Another “theory” holds that, mired as it was in economic problems, the Soviet Union was going to collapse anyway. That, too, is balderdash. Cuba lasts, North Korea lasts, Zimbabwe lasts, and of course the Soviet Union lasted from 1930 to the 1950s with horrific shortages and starvation of millions — and would have lasted, along with Soviet enslavement of East-Central Europe, had it not been for Yuri Andropov’s kidney failure and Konstantin Chernenko’s morbid senility.
When Gorbachev took over, the Soviet empire was frozen in terror and bleakness. All the prominent dissidents were either dead, silenced or in jail. The dominant prediction among Western experts was an indefinite, grim, open-ended slog. The Polish Solidarity had been crushed. West Germans were readying to “march through the institutions” for decades: bribing the German Democratic Republic’s Soviet handlers in the hope of inducing better relations and liberalization in the East, one tiny step at a time.
Yes, there was Ronald Reagan and the stark but still unrealized prospect of the Strategic Defense Initiative. Yet nothing threatened the Soviet domestic regime and its dominance of the empire in the short- or even mid-term. And which authoritarian thinks beyond that? Like his predecessor, Gorbachev, who came to power at 54, easily could have stayed in the Kremlin for at least 20 years.
It is true, of course, that Gorbachev started as an “authoritarian modernizer” — as did most tsars and general secretaries (and the Russian Federation’s current president, Vladimir Putin). But when the continuation of Andropov’s police renaissance — “Work honestly for the motherland!” “Stop drinking!” “Don’t steal, or else!” — with its executions of especially egregious bribe-takers, bans on vodka sales, and daytime raids of the bathhouses and beer hall in search of “shirkers,” produced only meager increases in the GDP, Gorbachev faced another familiar Russian dilemma: introduce institutional reforms or face stagnation.
Liberalizations bring uncertainty, likely turmoil and, most of all, a very real threat to personal power. The greatest Russian liberalizer, Alexander II, was assassinated. The de-Stalinizing Nikita Khrushchev was deposed in a coup. As for stagnation, there are always foreign and domestic enemies to blame for the belt-tightening and propaganda myths to distract and inspire. Gorbachev chose liberalization.

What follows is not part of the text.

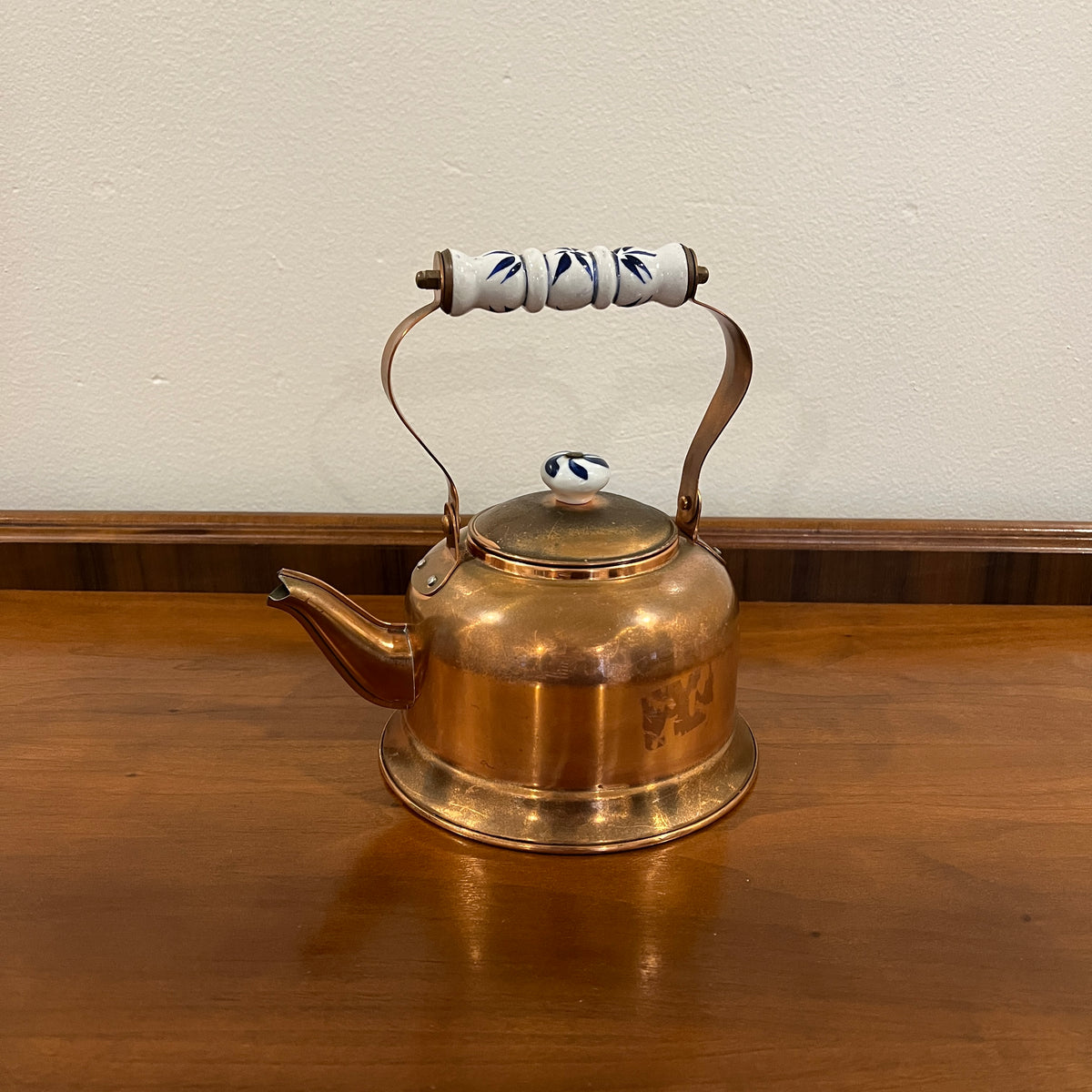 Vintage Daewoo Copper Tea Kettle with Delft Blue and White Porcelain Handle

As we later learned from his “Memoirs” and those of his top aide, the “godfather of glasnost” Alexander Yakovlev, economic considerations were secondary to Gorbachev’s decision. He had come to realize that the Soviet regime was incompatible with human dignity. And so, perestroika was launched: moral cleansing of a scale and intensity that had few, if any, precedents in the histories of major European states.
Very soon, Gorbachev faced another traditional Russian dilemma: empire vs. liberty at home. Unlike British or French colonial empires, Russia’s dominance of East-Central Europe was not compatible with democracy. In the end, every Russian ruler chose the empire over freedom. Alexander II’s liberalization was set back by the suppression of the Polish rebellion. Khrushchev’s de-Stalinization was interrupted by the Hungarian revolution. And the crushing of the Prague Spring stopped the Alexei Kosygin economic reform. The first Russian ruler ever, Gorbachev broke with this national political tradition. The Berlin Wall fell.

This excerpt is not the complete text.